For some reason your book won't allow me in.
I'm very familiar with the Murray Springs Site having Black Mat samples, a marvelous Clovis hammer stone rescued from a flash flood & some crumbs that are all that remain when mammoth bone is exposed to the environment.
IIRC Vance finally came out against the BM theory and I had read his thoughts on the subject some time ago. BTW the Murray Springs dig was finally written up, ~40 yrs after work was completed.
The dating on your beach mat is ~10Kyr too young, but I have read that finds have been made in Northern Europe, possibly England? One of the easy ways to eliminate false finds is a strong magnet - the BM contains magnetic particles.
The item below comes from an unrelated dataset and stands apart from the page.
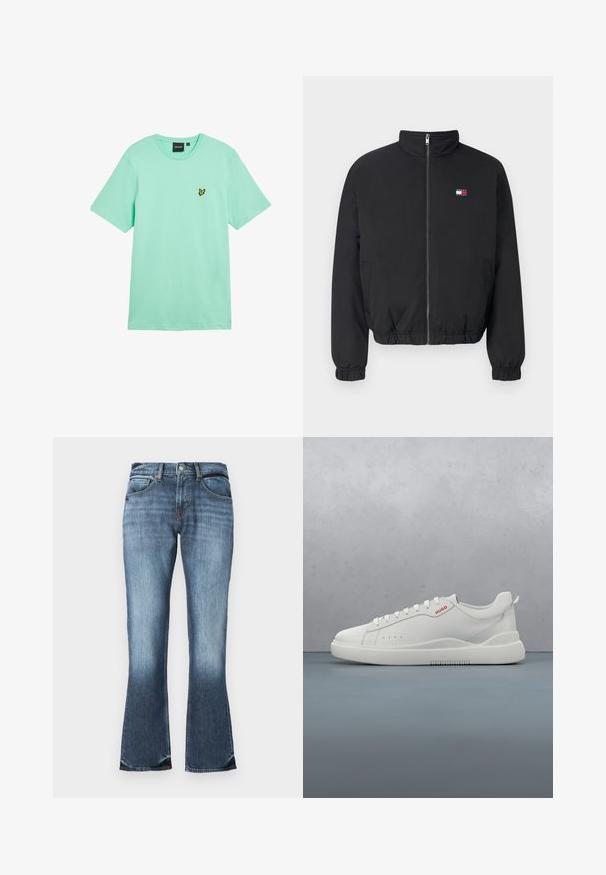 Sort lynlåstrøje med elastiske manchetter, to sidelommer og et lille Tommy Hilfiger flaglogo på venstre bryst.; Mintgrøn bomuld t-shirt med korte ærmer, rund hals og en lille gul sommerfuglelogo broderet på venstre bryst.; Blå denim flared jeans med en mellemhøj talje, fem-lommers design og subtilt slid for et distressed udseende. Glat tekstur hele vejen igennem.; Hvide sneakers med en glat læderfinish, rund tå, fire snørehuller, subtile perforeringer og en rød logo detalje på siden.
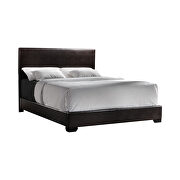 Transitional dark brown upholstered queen bed by Coaster additional picture 2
Enclosing the magnet in a condom will allow the particles to be removed easily.
Not aware if you have any ice age bones lying about in your region, but if the black mat is there, it will drape them, but never be found under them.
That is one beautiful beach - I'm envious!
We used the strata as a marker to know when we were close to ice age or Clovis goodies decades before anyone had any idea of what it was it why it was there.
Goodyear and Firestone are still the authorities when it comes to the BM, although a very well thought of anthropologist at ROM (Royal Ontario Museum) in Toronto has told me that after finding magnetic particles embedded the upper portions of most of the Mammoth and Mastodon tusks in their collection, he's become a true believer.
He gave a wonderful lecture a few years back for the OAS (Ontario Archaeologist Society) with samples, tusks and a magnet, ever brought a ball thrower for his dog as an example of a modern atlatl
- I provided some samples from further afield.
[size=78%] [/size]Terry
BTW If I'm drifting into the pedantic please, gently, make me aware of it.